Na segunda-feira, o ministro da Minas e Energia anunciou, em rede nacional, a criação da Câmara de Regras Excepcionais para Gestão Hidroenergética. Bento Albuquerque deve cair em breve. Imaginem se o seu colega, ministro da Saúde, inventasse uma Câmara de Regras Excepcionais para Gestão da Pandemia? Mandetta foi para casa por bem menos.
Essa nova crise, como tudo o que gera alguma polêmica no Brasil, vai passar pelo STF. Imaginemos que a Suprema Corte decida, por exemplo, que municípios e Estados podem criar regras para poupar energia, desde que sejam mais rigorosas do que as impostas pelo governo federal. Seria a glória.

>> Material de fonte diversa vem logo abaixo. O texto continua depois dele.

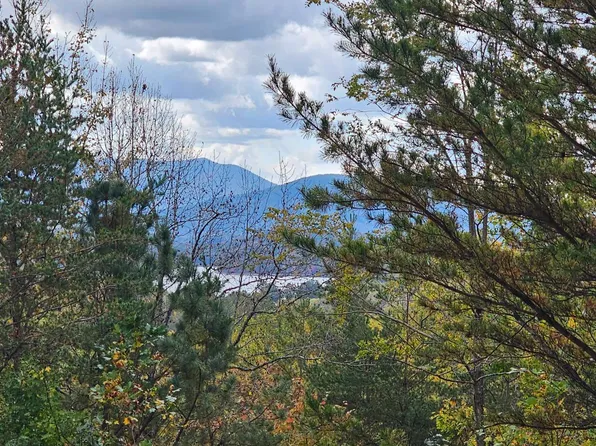 9A Chatuge Hts, Hayesville, NC 28904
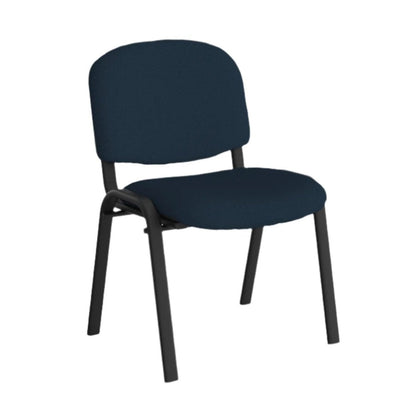 Knights Swift Conference Chair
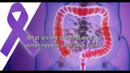 VIDEO: Unmet needs in ulcerative colitis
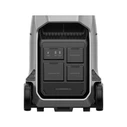 EcoFlow Delta Pro 3 Power Station 4096Wh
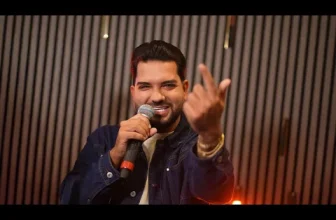 Mariano – Fara tine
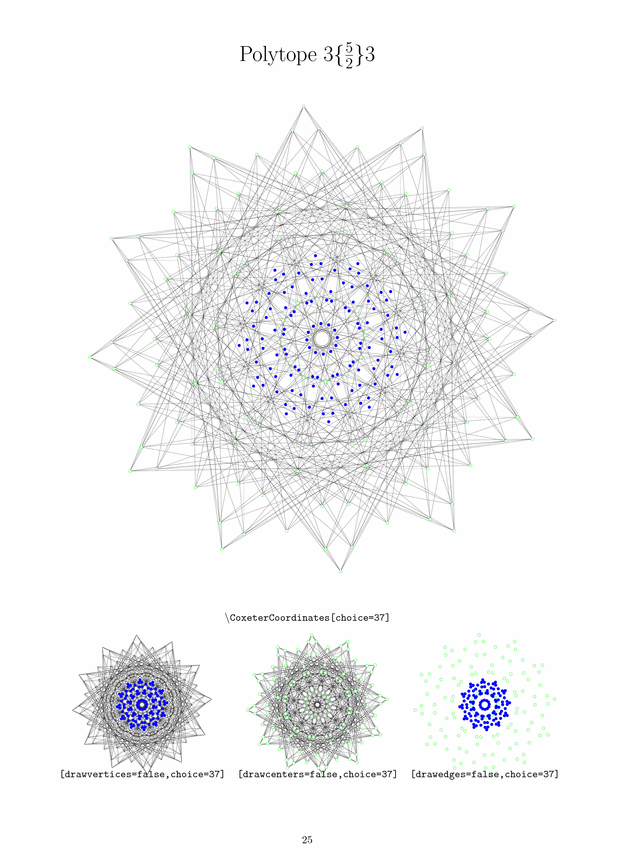 Prévisualisation PNG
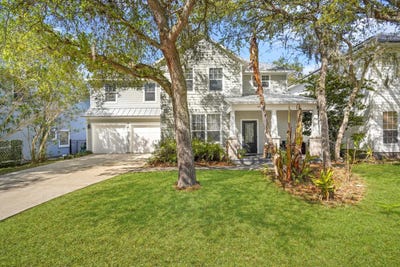 /international/us/935-saltwater-cir-st-augustine-fl-110106730490/
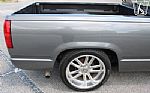 1988 C1500 Cheyenne Thumbnail 33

Já antevejo, lá por janeiro, todas as luzes dos palácios de Brasília acesas à noite. E o presidente, mangueira em punho, encharcando as emas e as plantas no jardim, três vezes por dia, depois de afirmar a apoiadores, na porta do Alvorada, que botará o “seu” Exército na rua para garantir que os parques aquáticos permaneçam abertos e que a culpa pela falta de chuva e de planejamento é do STF, da China, dos esquerdopatas, da urna eletrônica, dos crocodilos, das ONGs, do kit gay e dos ateus. E que fique claro: racionamento é coisa de cubano e de coreano do norte.